The Pros and Cons of Fast Hard Courts

of 02

Disadvantages of Fast Hard Courts

Leander Paes and Lukas Dloughy at the US Open in 2009. Jared Wickerham / Getty Images

What makes a hard court fast is its relatively smooth and firm surface. When the ball strikes a smooth surface, it encounters less friction to slow it down and fewer and smaller vertical protrusions to push it upward. The smoothness of a hard court increses as the quantity and grain size of the sand that is mixed in with the paint topcoat decreases. Fast hard courts are generally too firm to allow the ball to depress the surface and be slowed as a result.

A faster court gives each player less time to react to the ball, and this makes it easier to hit winners. Easier winners can encourage impatience, a common vice in tennis players, and discourage the virtue of learning to think beyond the current shot. As sheer power becomes more effective, placement gets less emphasis. With shorter points on average and fewer angle shots to chase, players tend to get less exercise per match on a fast hard court.

The body enjoys less exercise as a whole on a fast hard court, and the arm endures more stress from the greater incoming speed of the ball and a greater likelihood of an off-center impact due to insufficient time to line the racquet up properly. The cumulative impacts of running on hard courts are also tough on leg joints, although the legs are spared the strains caused by slipping on clay and grass. Cushioned hard courts ease routine impact strains on the legs, but in extreme heat, some rubberized surfaces can cause injuries when they become sticky enough to grab onto a shoe more than the player expects.

of 02

Advantages of Fast Hard Courts

Arthur Ashe Stadium at the US Open. Julian Finney / Getty Images

Fast hard courts reduce the time a player has to react to a shot; therefore, they enhance any shots or tactics that rely primarily on the opponent not having time to get to or line up a response, such as big serves, harder and flatter groundstrokes, and volleys. Volleys take time away from your opponent by greatly shortening the distance the ball travels before your opponent has to hit it.
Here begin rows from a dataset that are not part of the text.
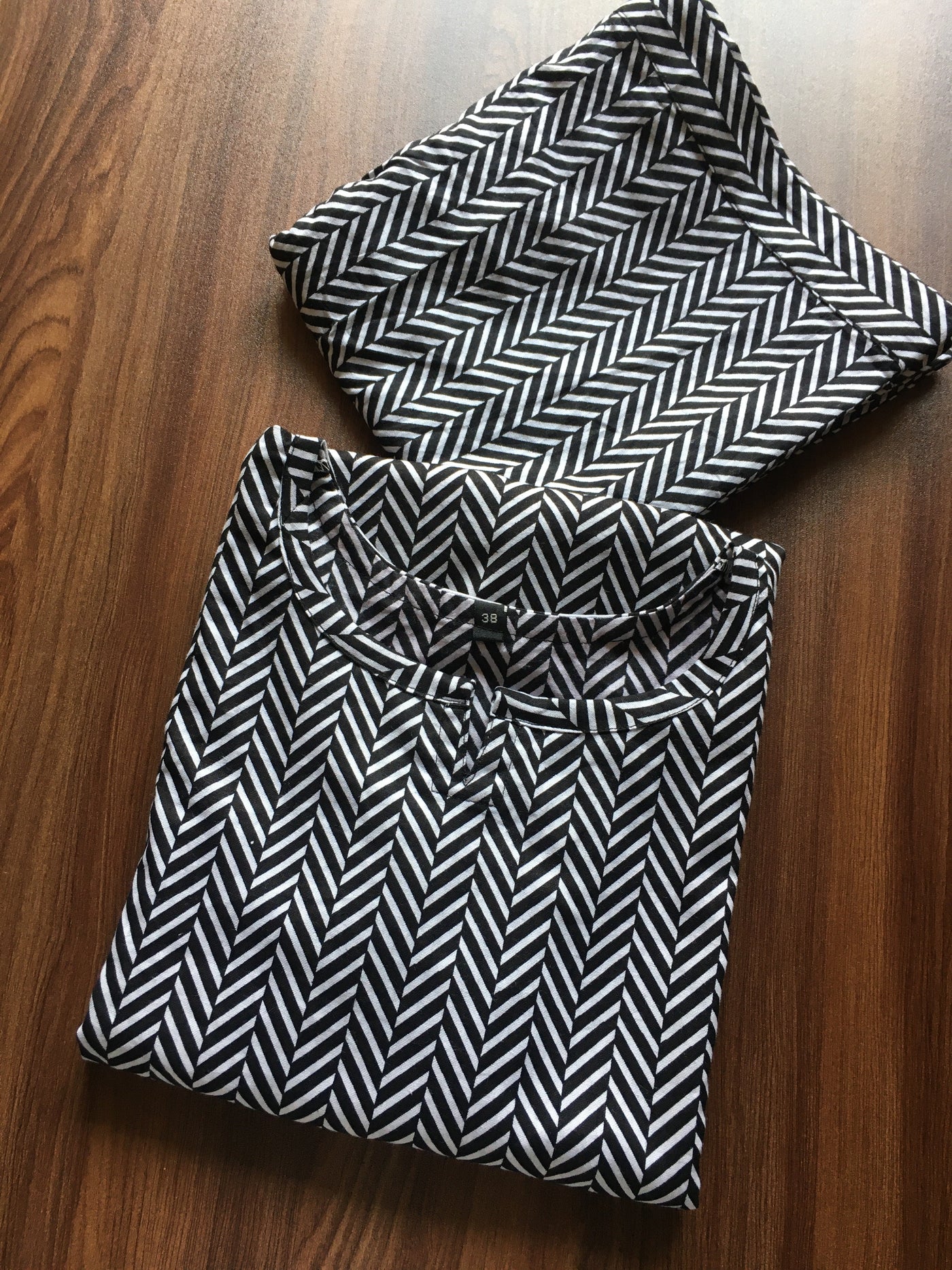 Black CrisCros - Cord Set - Pure Cotton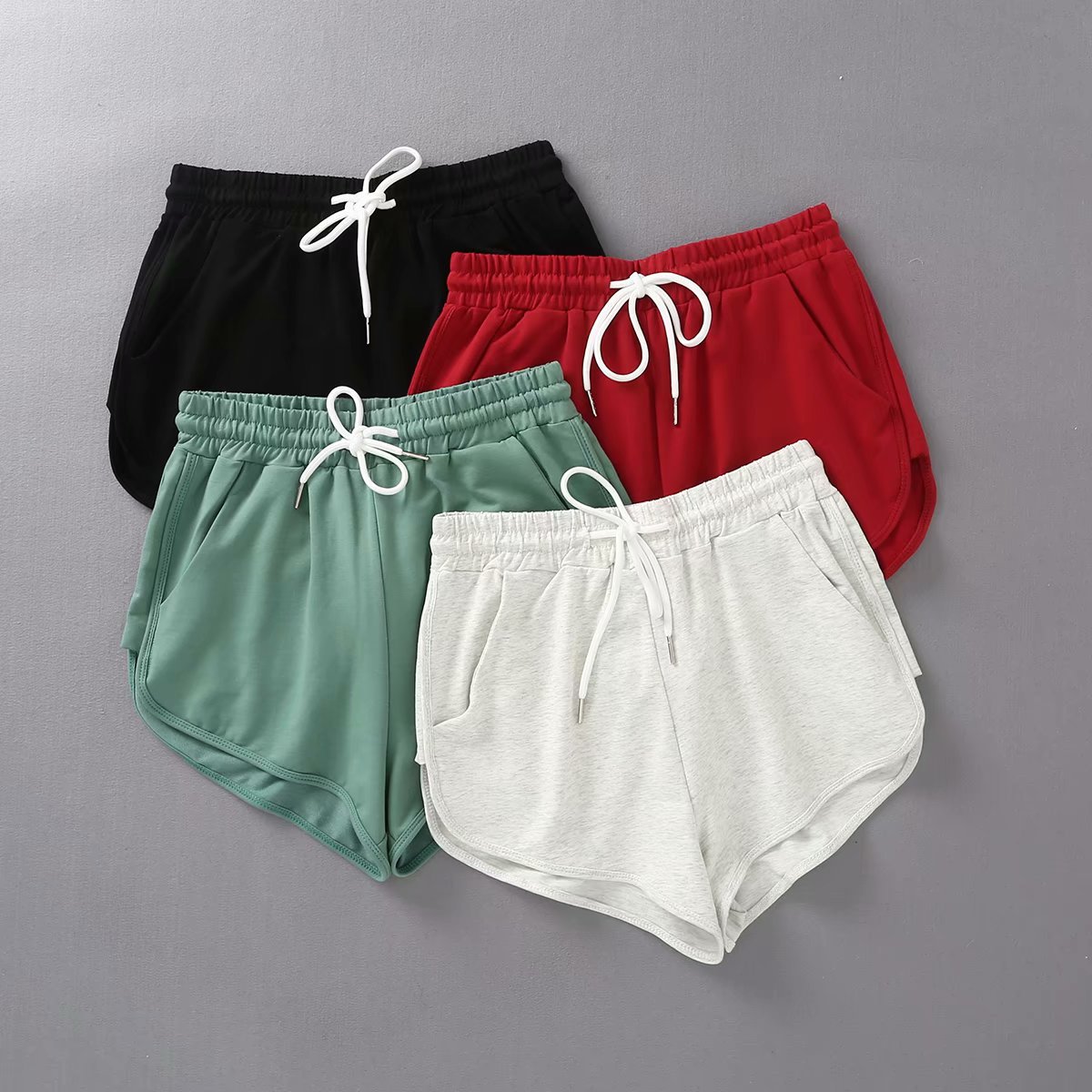 Women’s Cotton Drawstring Sports Shorts – Casual Summer Style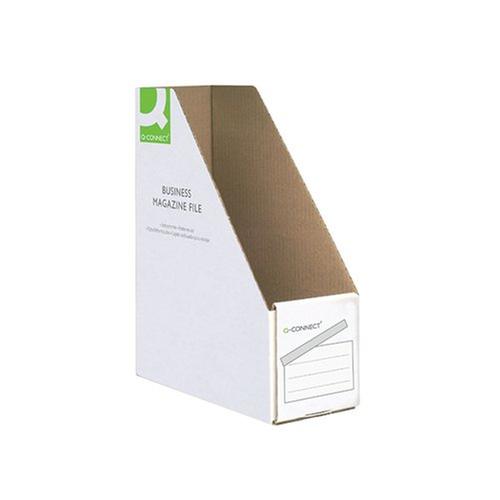 Q-Connect Business Magazine File W100xD230xH300mm White PK10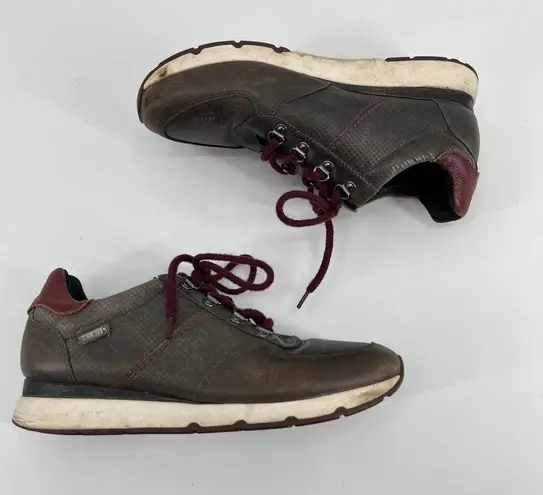 Pikolinos Mundaka Womens Shoes Sz 10.5-11 US 41 EU Gray Cuero Olmo Sneakers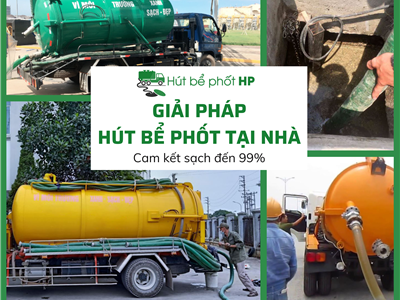 Giải pháp hút bể phốt tại nhà, cam kết sạch đến 99%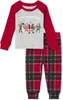 Roupas definem os conjuntos de pijamas de férias de Natal para a família para crianças, encaixam -se 100% algodão, adulto, garoto grande, criança, bebê, bebê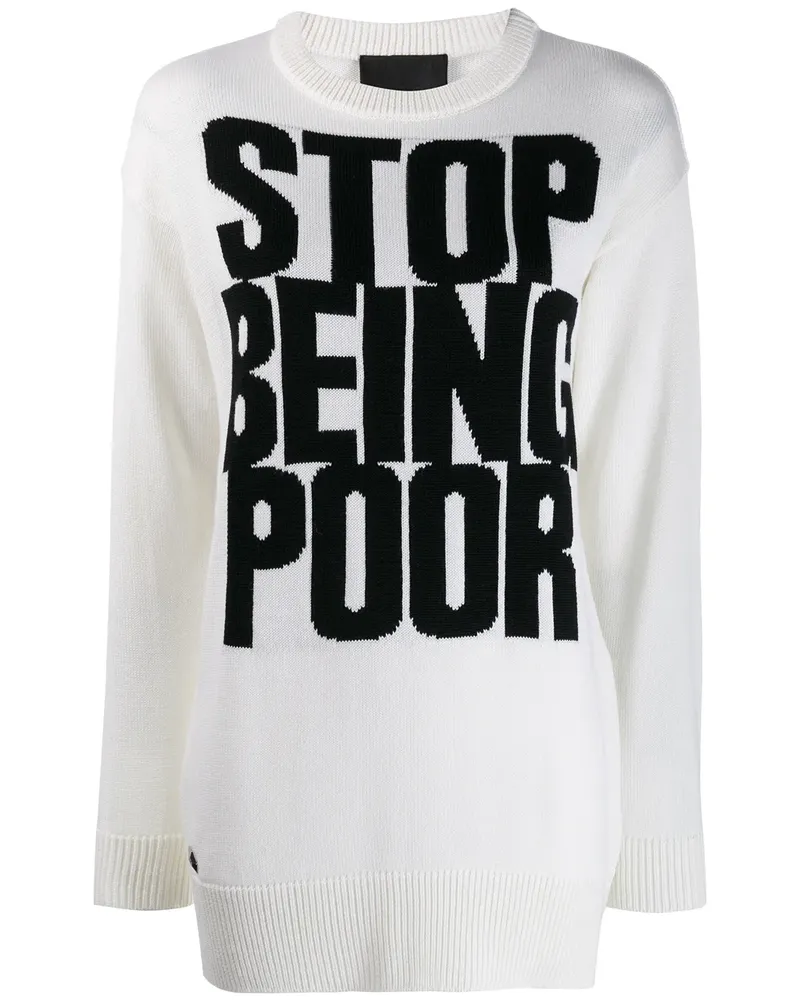 Philipp Plein Statement' Pullover - Weiß Weiß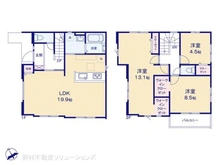 【千葉県/船橋市駿河台】船橋市駿河台2丁目 新築一戸建て 間取り図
Given that faster hard courts produce lower bounces, they make slices more effective and topspin less effective, and this further favors attacking at net, because slice is the preferred spin for approach shots, and topspin is the preferred spin for passing shots. Playing on a fast court should encourage players to develop more of an all-court game, including more slices, approach shots, half volleys, volleys, and overheads. With your opponent attacking the net more often, you will also be forced to improve your passing shots and lobs.

We've seen how fast hard courts can be tough on the arm, but the arm gets some good news, too. Points generally end sooner on a fast court, thus reducing the number of shots you hit in a match. The lower bounce also keeps the ball more often in the comfort zone for groundstrokes.

A fast hard court is clearly better than a slow one for balls and shoes, as a smoother, less abrasive surface tears away less fuzz and rubber with each bounce or step. Only the smoothest and softest hard court is less abrasive than clay, though, and if court surfaces were chosen exclusively by balls and shoes, grass would be the clear winner--unless, of course, they were such vain balls and shoes that they'd rather be worn away than stained green!